Binsar mengatakan, pelanggaran-pelanggaran ditemukan setelah Tim Dinas LH melakukan investigasi atas kejadian pencemaran dan kerusakan akibat ikan mati di perairan Danau Toba oleh Aquafarm.
Lebih lanjut Binsar menyebutkan, Aquafarm melakukan tiga pelanggaran. Pertama, dari sisi kapasitas produksi.
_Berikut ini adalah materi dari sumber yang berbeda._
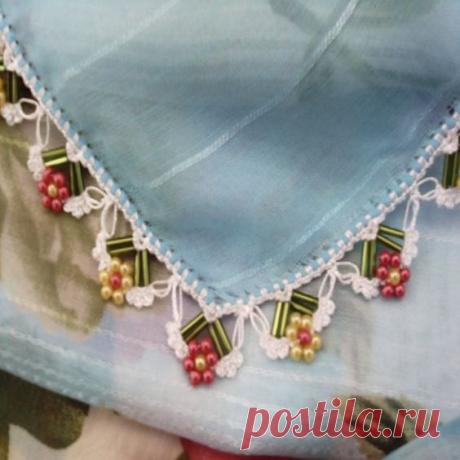 Beaded Turkish Oya | guardas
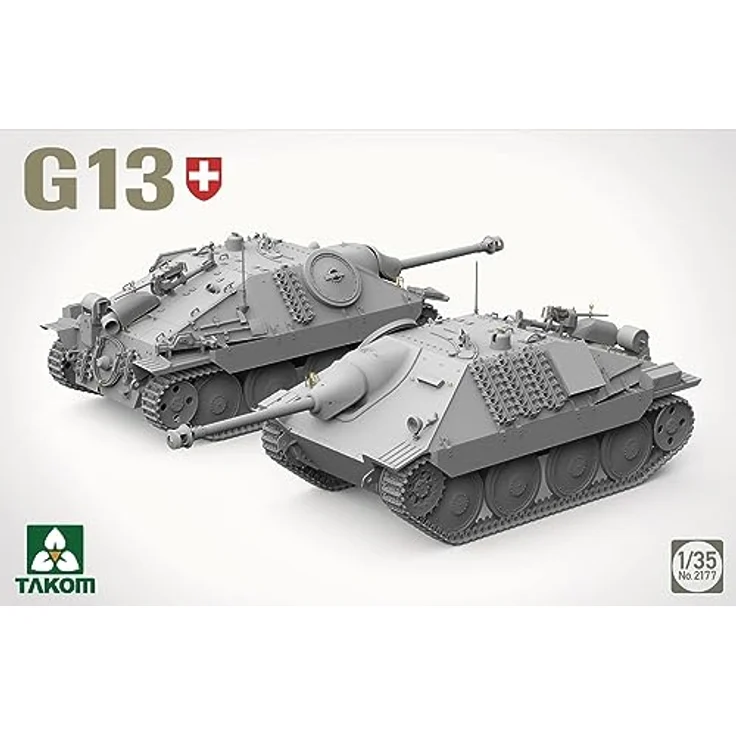 Takom Pzj G13, Modellfahrzeug mit detaillierter Bauweise und präzisen Komponenten – Bild 2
Aquafarm ternyata memproduksi ikan di luar kapasitas yang diizinkan berdasarkan Dokumen Pengelolaan dan Pemantauan Lingkungan (DPPL).
"Harusnya izin kapasitas produksi 26.464.500 ekor atau 26.464,500 ton per tahun, namun kenyataannya 27.454.400 atau 27.454,400 ton per tahun. Dalam hal ini ada kelebihan 1.000.000 ekor atau 1.000 ton. Temuan ini berdasarkan Laporan Semester 1 Aquafarm ke Dinas LH Sumut," sebut Binsar.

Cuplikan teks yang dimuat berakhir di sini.